Similarly, my advice to participate in study groups carefully is due to the frequent disfunction that can occur in them. Some students dominate the discussion; others are not prepared and instead hope to "free ride". So spending a lot of time in a study group that does not have a plan and ground rules can be a waste of time.
However, there is huge benefit to be gained from cosulting your colleagues in law school. This is because there is no substitute for the synergy of creative thinking that goes on among law students. Simply, two (or three or four) heads are better than one. And in law practice, I have found that while treatises have their place, there is no substitue with kicking legal doctrine around with your colleagues. The practice of law is a craft, perfected by craftsmen (or women). And the art of the craft is the winnowing and distilling of ideas and doctrine through consultation with one's peers.

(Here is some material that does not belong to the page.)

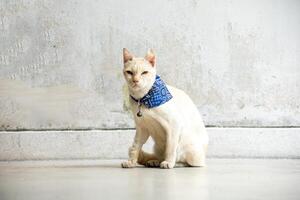 View of white Abandoned cat with a blue scarf sitting, focus selective photo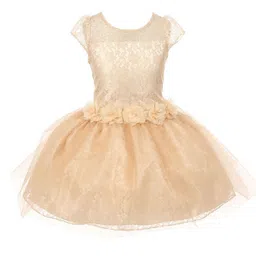 Wish little Cape Sleeve Net A-Line Dress-3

And in law school, smart and creative people are all around you. Seek them out. Bounce ideas off of them. Check your thinking. And the advantage of doing it ad hoc and on your on is that you can control the schedule and timing of this consultation. In a study group, you are often constrained by the activities of the group itself.
So, when I caution against engagement in study groups, please do not consider this as a prohibition. Instead, think of it like you would in the same way that you would all of your study activities- an investment of time. Engage in that free-form creative analysis unique to law school on your terms, with people who are willing to work with you in a collegial way. Don't simply succumb to a study group because everyone else is.